Bir gün evlerine eniştesiyle bir misafir gelmişti, ilk başta anlayamamıştı olan biteni, uzak bir köyden varlıklı birine benziyordu, cambazmış, hayvan alımı için geldiği söylenmişti. Ancak bu sebep esas meselenin görünen yüzüydü. Aslında gelen Cemile için gelmişti. Adam zamanında kendinden yaşça epey büyük biriyle evlendirilmişti ve kuma olarak talip olmuştu Cemile’ye…
Cemile yaşadığı bunca talihsizlikten sonra yaşça biraz büyük olsa da gönlü azda olsa kaymıştı bu orta yaşlı adama. Kuma olarak gitmişti başka bir köye. Zaman içinde hem ısınmış hem de sevmişti adamı. Cemile’nin bu evlilikten biri oğlan iki kız birbirinden güzel üç çocuğu olmuştu.

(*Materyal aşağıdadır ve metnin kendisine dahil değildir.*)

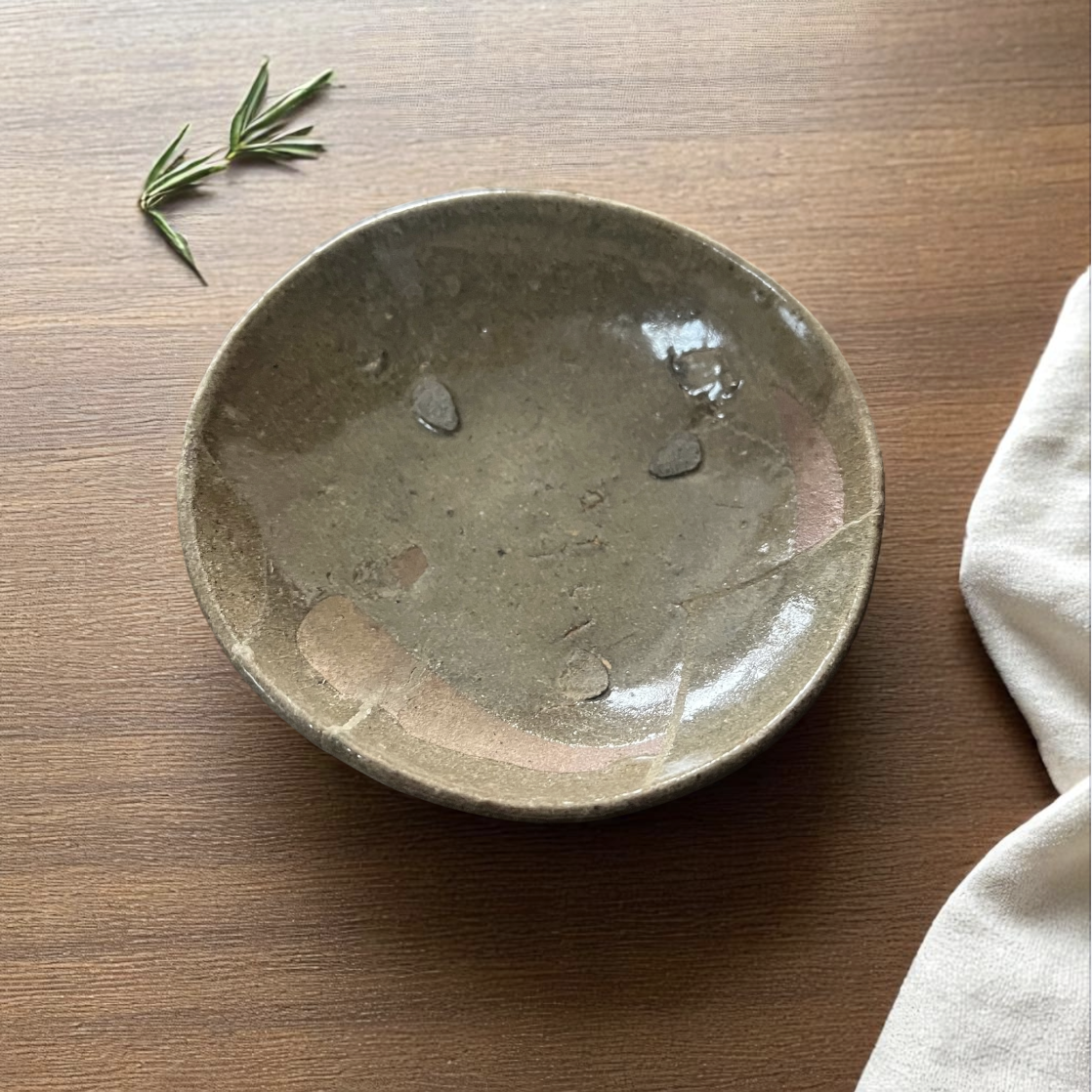 【江戸中期】権現谷窯 唐津青手(呼び継ぎ)よびつぎ小皿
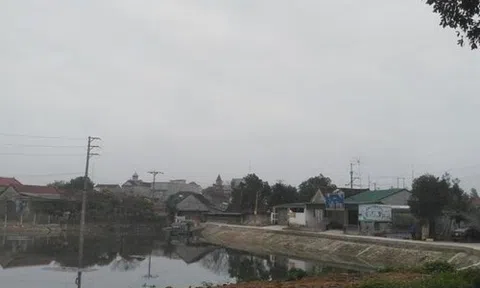 Nghệ An: Nhảy xuống đập cứu vợ con, người đàn ông đuối nước thương tâm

Mutluluk Cemile için biraz lükstü. Üç çocuğunun babası, geçte olsa gönlünün demir attığı gemi alabora olmuştu. Şeker hastalığı kocasını önce kör etmiş bir süre sonra vefatına neden olmuştu. Bir başına kalmıştı yine… Hükümet nikahı da yoktu Cemile’nin… Nikah kumasındaydı, hiç bana da nikah kıy dememişti. Cemile’nin hastalandığında bir sosyal güvencesi de yoktu. Sosyal güvence nedir, Sigorta dedikleri nedir bunu da bilmezdi hiç. Bir başına üç çocukla kalakaldı ortada…

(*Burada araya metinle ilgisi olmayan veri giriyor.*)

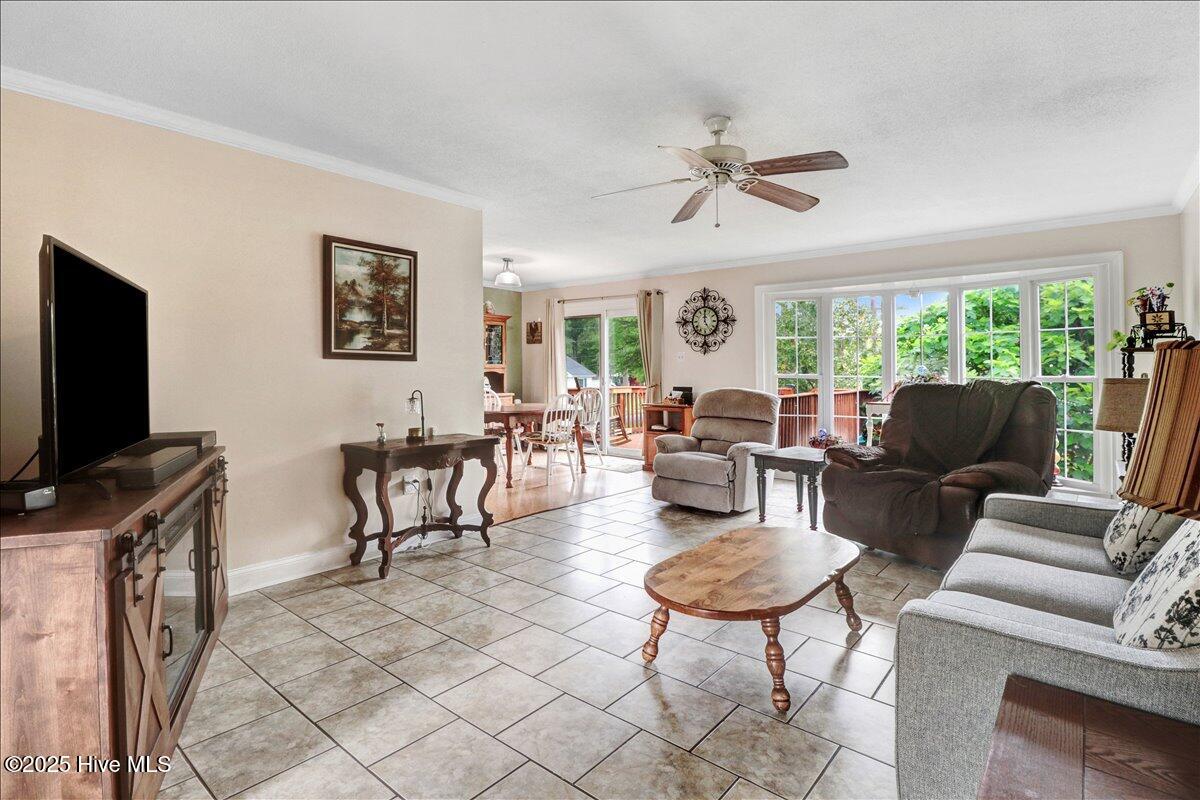 105 Harbor Drive Property Photo 24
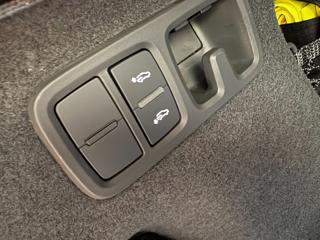 AUDI Q8 usata, con Specchietti laterali elettrici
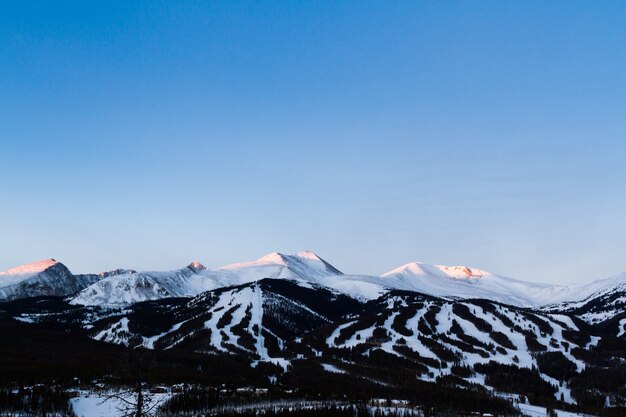 Zona de esquí de Breckenridge al amanecer en invierno.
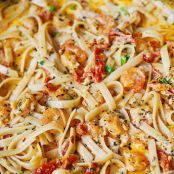 Garlic Shrimp and Sun-Dried Tomatoes with Pasta in Spicy Creamy Sauce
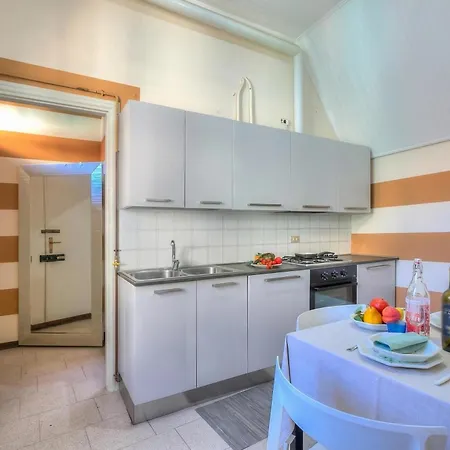 Apt. Gabriella: Studio In The Centre Of Laveno - Happy Rentals Apartamento *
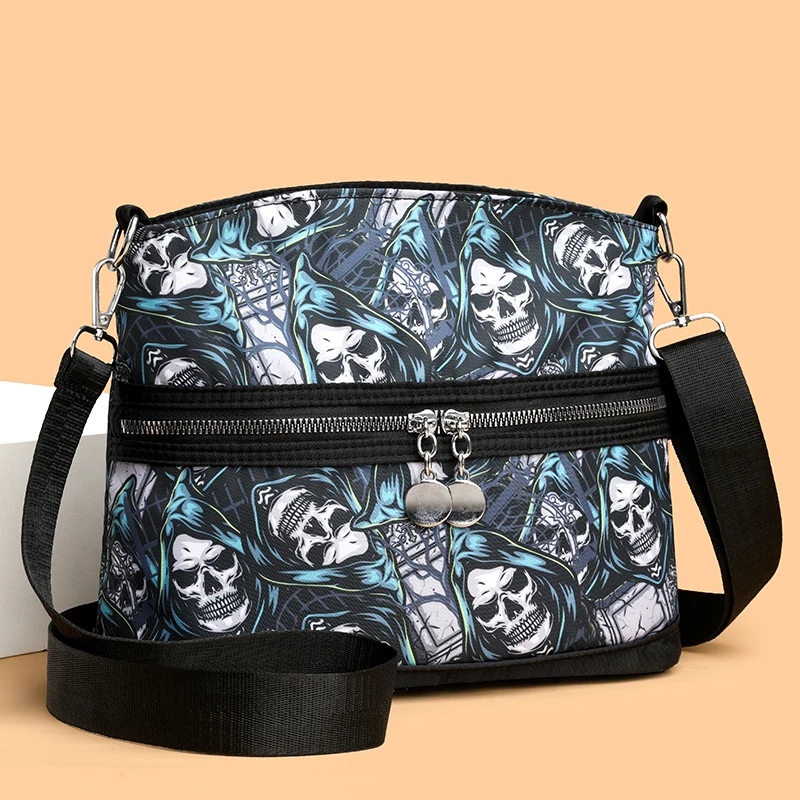 1 Piece Ladies Skull Head Printed Nylon Crossbody Bag Halloween Cloth Bag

Çevresinden, köyün birinde yetmiş yaşlarında hali vakti yerinde bir adam varmış dul kadın arıyormuş, hem çocuklarına babalık yapar, hem de geçinir gidersin ayrıca hükümet nikahı da kıyacakmış dediler. İlk defa hükümet nikahı ile tanışacaktı kırk yaşlarındaki Cemile… Çaresizliğin getirdiği nedenlerle yetmişli yaşlardaki yaşlı bir adamla evlendirildi.
Hep sevgi, şefkat, merhamet vurgunu yemiş, gün yüzü görmemiş bir zamanların adı gibi “güzel ve endamlı” Cemile’si, bugün nerelerde acaba ne yapıyor diye sormak isterseniz size küçük bir ipucu vereyim… Yıllar önce Cemile’yi son gördüğümde; hayat mücadelesinde haksızlık, eziyet ve sıkıntı içindeki pes etmiş hayatı ile uzak bir köyde, artık beyazlaşmış sarı saçı, iriliğinden eser kalmamış yeşil gözü, kendisinin bile tanıyamadığı derin çizgili o beyaz yüzüyle belki de hiçbir zaman tam olarak yaşayamadığı sevgiyi, şefkati ve merhameti seksenli yaşlarda ki son kocasında yaşamanın burukluğu ile kendi sağlık sorunları yanında yaşlı kocasının sağlık sorunlarıyla tamamlıyordu çilesini... Bir zamanların sarı saçlı, iri yeşil gözlüsü, öğretmen olmak heveslisi, yıkık dökük dünyamızın viraneler çiçeği Cemile, şimdi hangi rüzgarlarda nerelerde savruluyor bilemiyorum.